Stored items
- Opening Delimiter -

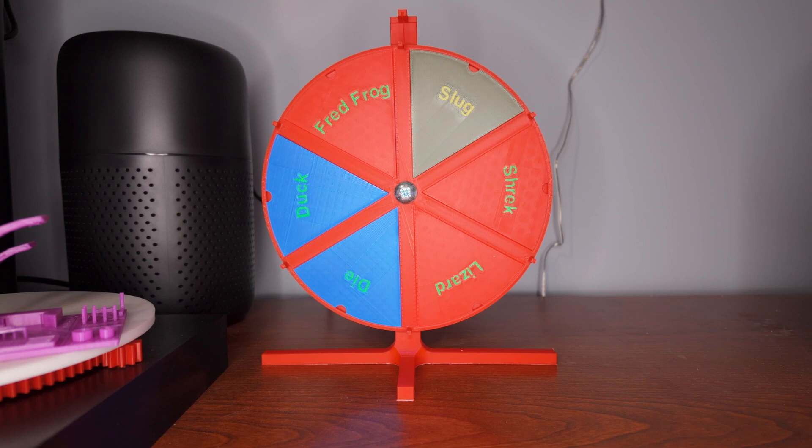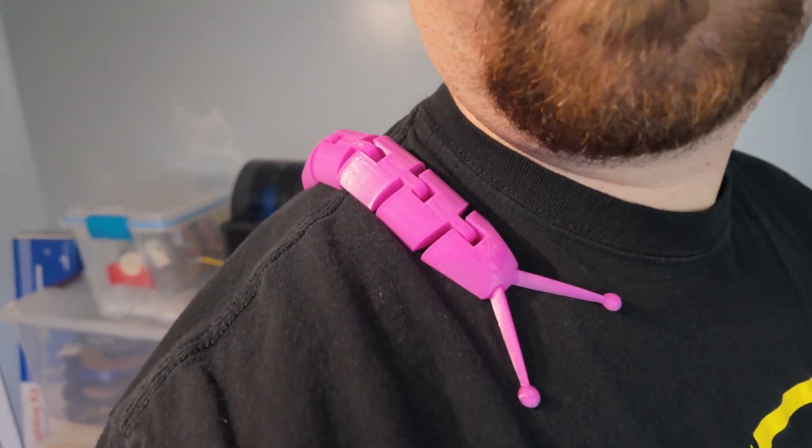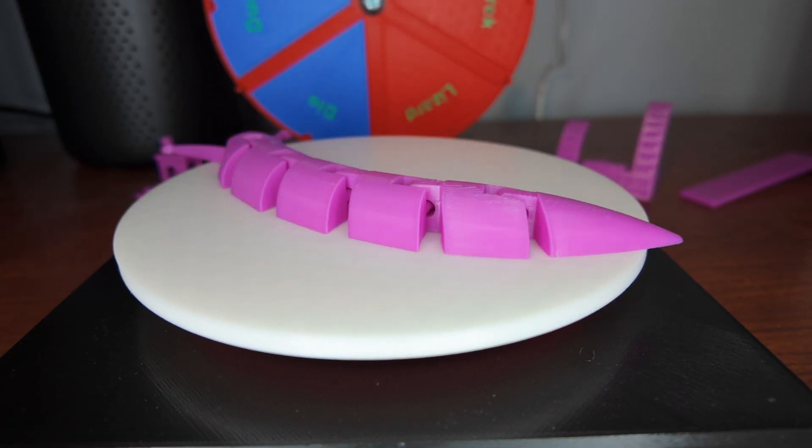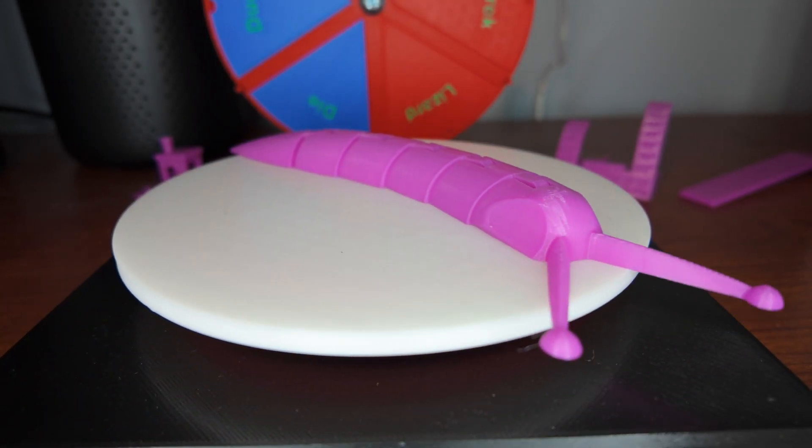Looks like we're printing a slug — take a look at my new little friend. This is Salamander the Slug; my wife named him. He turned out awesome with no real print quality issues and looks great.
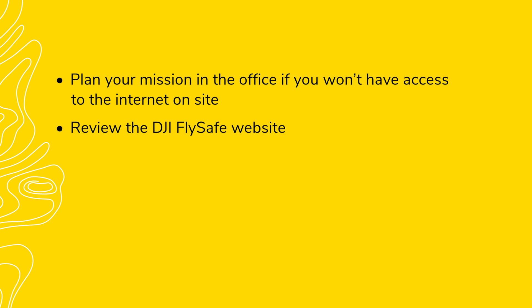If the site you need to fly is near an airport or another type of restricted airspace, you'll want to review the DJI FlySafe website to see if your proximity to other manned aircraft would require special permission to fly. DJI drones include a geofencing system that will limit where the drone can fly. You'll need DJI and aviation authority approval to fly in some areas.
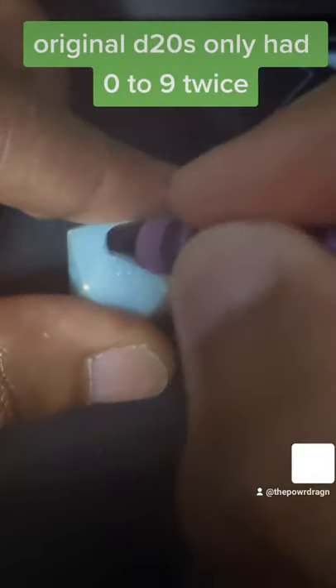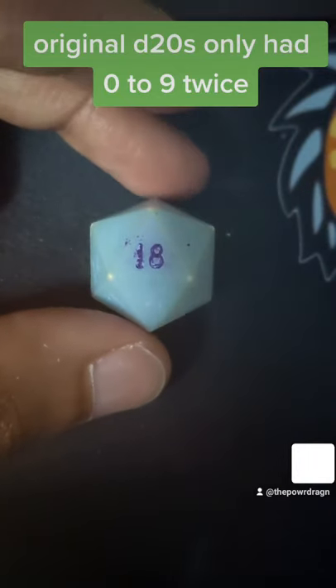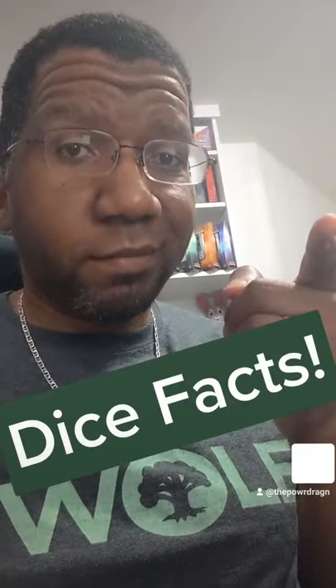This 20-sider isn't an original one because you can see a double-digit number. Original 20-sided dice came with 0 to 9 printed twice. Dice facts.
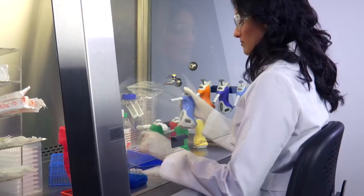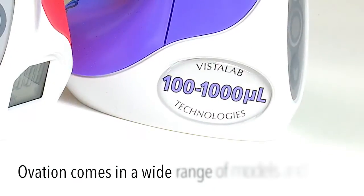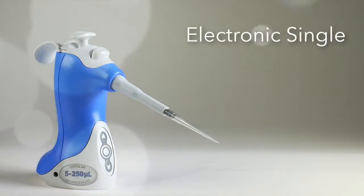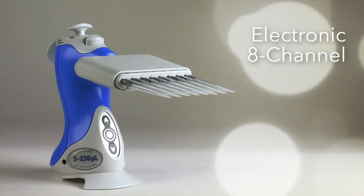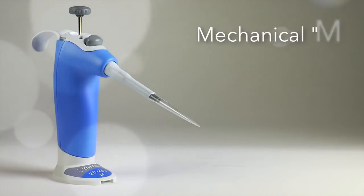Our objective was to make a pipette for you that is more comfortable, productive, and accurate. We'll see you next time.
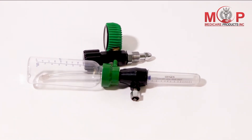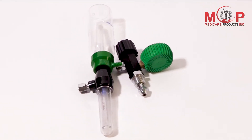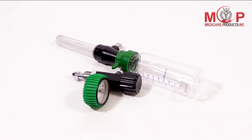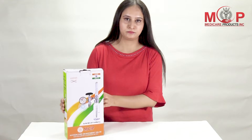Presenting the MCP Oxygen Flow Meter with Rotometer and Humidifier Bottle. The Oxygen Flow Meter is mainly used to regulate the flow of oxygen from the gas source so that it delivers an accurate prescribed flow.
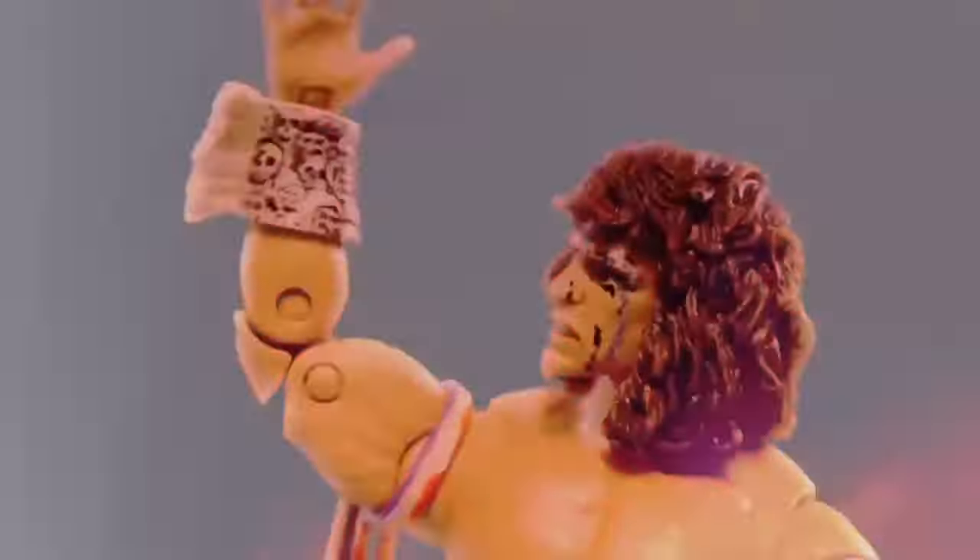Today on the channel from Fury Toys, we take a look at the Samurai Animals Spring — definitely not Leonardo from the Teenage Mutant Ninja Turtles. The spirit of the warrior will run forever!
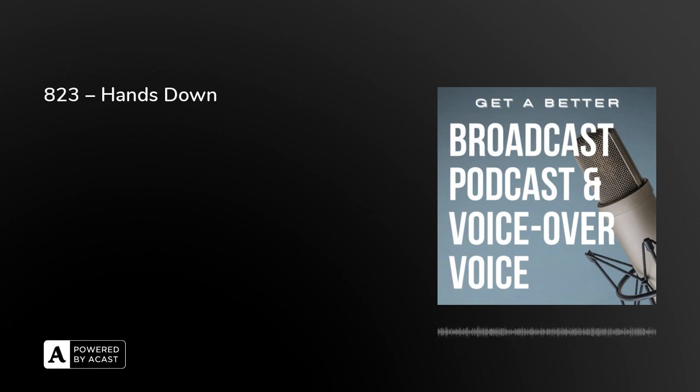'Hands Down' is the episode title today, and this is what I'd like you to consider doing as part of your warm-up routine: slowly lift your hands over your head and as you do that breathe in, then exhale as you move your hands down again. This will help you concentrate on your breath control. We're going to be talking about breath control and breath support in some detail in a few episodes' time — looking at the differences between them and how important each is.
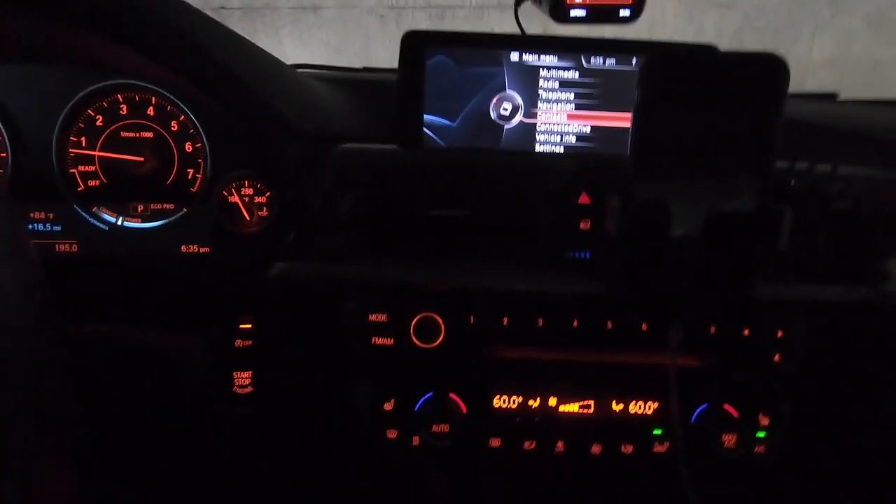So this is before I put the strips in. I'm in a parking garage, it's dark — you can barely see the lights, the camera doesn't even pick it up very well. You can kind of see a little bit of light over the door handle, but besides that you don't see much. It's pretty dark.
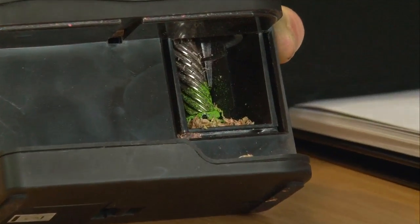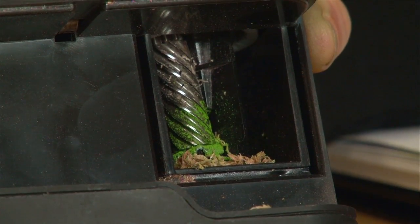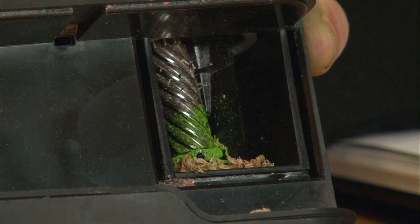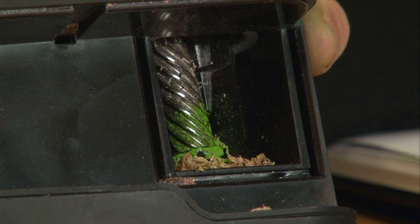The special thing about this sharpener is that instead of there being one metal blade that you get in most sharpeners, this one is a helical grinder, so the pencils get ground down rather than sharpened, which means it never goes blunt.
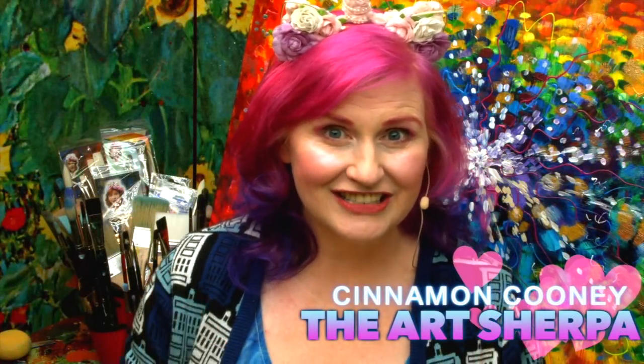Hi, I'm Cinnamon Cooney, your ArtSherpa, and I'm so excited to be telling you about my palette knives. I have the most amazing set of palette knives and they are going to be in all the ArtSherpa stores that carry my brushes.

- Closing Delimiter -

Please make an exact copy of the records, leaving out any picture.

Looks like we're printing a slug — take a look at my new little friend. This is Salamander the Slug; my wife named him. He turned out awesome with no real print quality issues and looks great.
If the site you need to fly is near an airport or another type of restricted airspace, you'll want to review the DJI FlySafe website to see if your proximity to other manned aircraft would require special permission to fly. DJI drones include a geofencing system that will limit where the drone can fly. You'll need DJI and aviation authority approval to fly in some areas.
This 20-sider isn't an original one because you can see a double-digit number. Original 20-sided dice came with 0 to 9 printed twice. Dice facts.
Our objective was to make a pipette for you that is more comfortable, productive, and accurate. We'll see you next time.
Presenting the MCP Oxygen Flow Meter with Rotometer and Humidifier Bottle. The Oxygen Flow Meter is mainly used to regulate the flow of oxygen from the gas source so that it delivers an accurate prescribed flow.
Today on the channel from Fury Toys, we take a look at the Samurai Animals Spring — definitely not Leonardo from the Teenage Mutant Ninja Turtles. The spirit of the warrior will run forever!
'Hands Down' is the episode title today, and this is what I'd like you to consider doing as part of your warm-up routine: slowly lift your hands over your head and as you do that breathe in, then exhale as you move your hands down again. This will help you concentrate on your breath control. We're going to be talking about breath control and breath support in some detail in a few episodes' time — looking at the differences between them and how important each is.
So this is before I put the strips in. I'm in a parking garage, it's dark — you can barely see the lights, the camera doesn't even pick it up very well. You can kind of see a little bit of light over the door handle, but besides that you don't see much. It's pretty dark.
The special thing about this sharpener is that instead of there being one metal blade that you get in most sharpeners, this one is a helical grinder, so the pencils get ground down rather than sharpened, which means it never goes blunt.
Hi, I'm Cinnamon Cooney, your ArtSherpa, and I'm so excited to be telling you about my palette knives. I have the most amazing set of palette knives and they are going to be in all the ArtSherpa stores that carry my brushes.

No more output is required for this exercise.